Market confidence bounces back
Investor worries about financial markets are under control while market return expectations have jumped, writes Recep Peker.
Since 2008, the level of new business written by financial planners has been depressed, reflecting the battering investor sentiment took during the GFC.
However, following the strong performance of the Australian share market in late-2012 and early-2013, Investment Trends found investors’ concern levels with the situation in the financial markets in February had hit their lowest point in 40 months – and their market return expectations had jumped from their 2011/2012 lows.
This ignited the appetite for growth assets among both investors and planners, and new money began flowing to planners again. We saw the level of new inflows written by planners in the last 12 months jump 22 per cent to $5 million in mid-2013.
After hitting a record high in September last year, planners’ flows going into cash and term deposits have finally moved towards growth assets (managed funds and listed investments), which has also been a positive outcome for product and platform providers.
Planners now say they write 76 per cent of new client dollars on platforms, up from 72 per cent last year.
However, these flows are very concentrated. Being an adviser’s ‘most-used’ platform is critical, as primary platforms receive an average of 74 per cent of the total platform flows.
By this measure, the platform market is becoming increasingly concentrated. Ten years ago the top five platforms held 51 per cent of primary planner relationships; they now hold 78 per cent. Much of this has been driven by consolidation in the industry.
Westpac is the largest platform provider by primary planner relationships, with the proportion that uses a Westpac platform the most for new inflows increasing from 10 per cent 10 years ago to 26 per cent as of May 2013. Westpac is followed by CBA, which holds 19 per cent of primary relationships, up from 9 per cent in 2004.
Satisfaction with platforms reached the highest level recorded in the 10 years of Investment Trends’ platform research, surpassing the high that was achieved in 2012. This reflects the benefits of the huge investments in technology by platform providers over the years.
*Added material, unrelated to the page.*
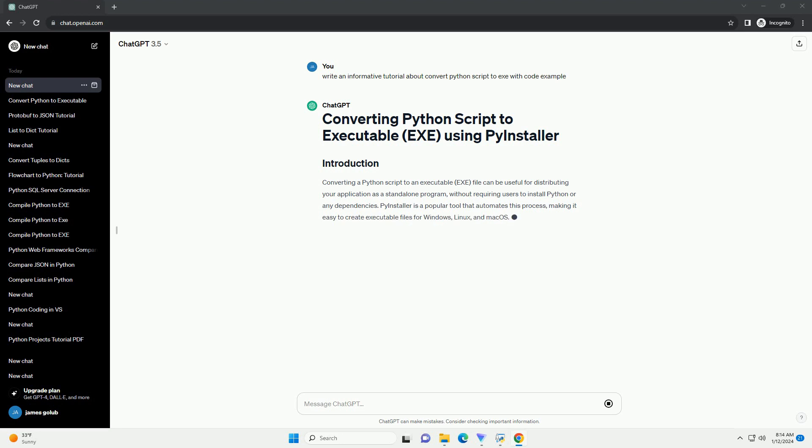In this tutorial, we'll guide you through the steps to convert a Python script to an exe using PyInstaller.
An outcome of this success is that there are now a number of credible, well-serviced platform offerings, so planners now have lots of choice and tend to move if platforms are not living up to their expectations.
Each year about a quarter of planners jump ship, with cost being a key driver of switching. However, having the right functionality and tools, not price, has become the main deciding factor in determining who planners use the most.
Recep Peker is senior investment analyst at Investment Trends and recently spoke at Money Management's Platforms and Wraps conference.